I had plenty of carrots, so I set out to replicate the soup last week. Unfortunately I didn't have parsnips, fresh ginger, or the 2 hours it required to simmer the vegetables in the oven. I decided to speed things up by roasting the carrots separately for 45 minutes while I carmelized some onions. A quick simmer on the stovetop in some chicken broth and the soup flavors were blended and ready to puree and serve. Best of all I can make this ahead of time and bring it to Passover frozen. One less pot to juggle for me and Jorie!
Roasted Carrot Soup
Ingredients:
2 lbs carrots
5 sprigs thyme
3 large onions
8 cups chicken broth
1/4 teaspoon cayenne pepper
1/4 teaspoon powdered ginger
3 Tablespoons olive oil
1 Tablespoon butter
salt and pepper to taste
crème fraiche
fresh chives or parsley, finely chopped for garnish
Instructions:
Preheat oven to 375
Scrape thyme leaves from stems. Set aside.
Peel carrots and cut into quarters. Toss carrots in 2 Tablespoons olive oil and sprinkle with thyme leaves and 1/2 teaspoon salt. Place on a baking sheet in a single layer and roast for 45 minutes.
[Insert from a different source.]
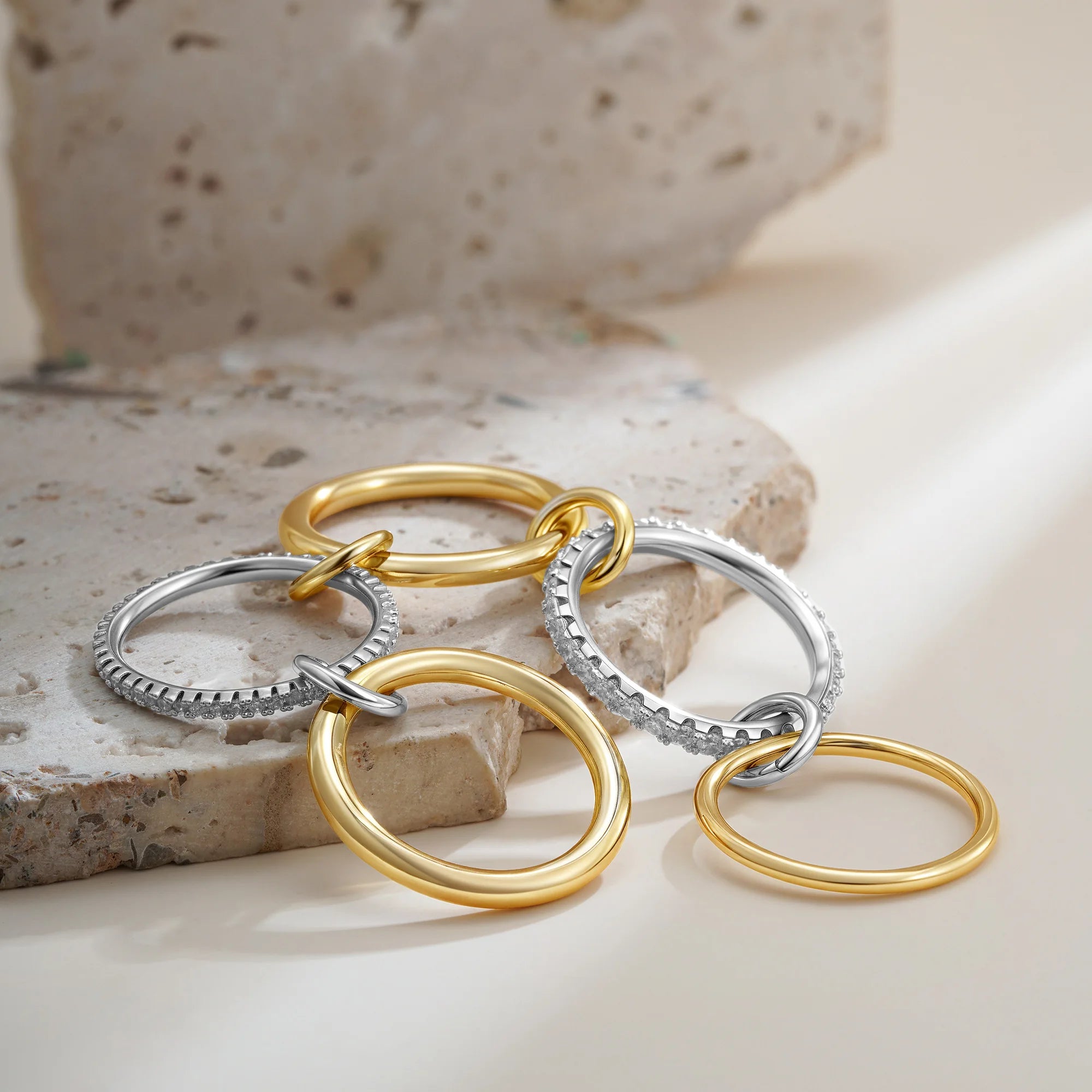 Luxury Cubic Zirconia Gold Plating Multilayer Connecting Rings for Women Fashion Mixed Color Stackable Finger Ring Party Jewelry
While carrots are roasting, slice onions into thin slices. Heat butter and remaining Tablespoon olive oil in a large skillet. When foam has subsided, add onions and stir to coat with butter/oil mixture. Lower heat to medium low. Cook for 25 minutes, stirring occasionally, until onions are soft and golden brown.
When carrots are finished, combine carmelized onions, roasted carrots, and chicken broth in a large stockpot. Add cayenne pepper and ginger. Stir well and simmer for 15-20 minutes.
Puree soup with an immersion blender or in a batches using a conventional blender. If soup is too thick, add water until it reaches your desired consistency. Salt and pepper to taste.
Ladle into bowls and top with a dollop of creme fraiche and a sprinkling of chives or parsley.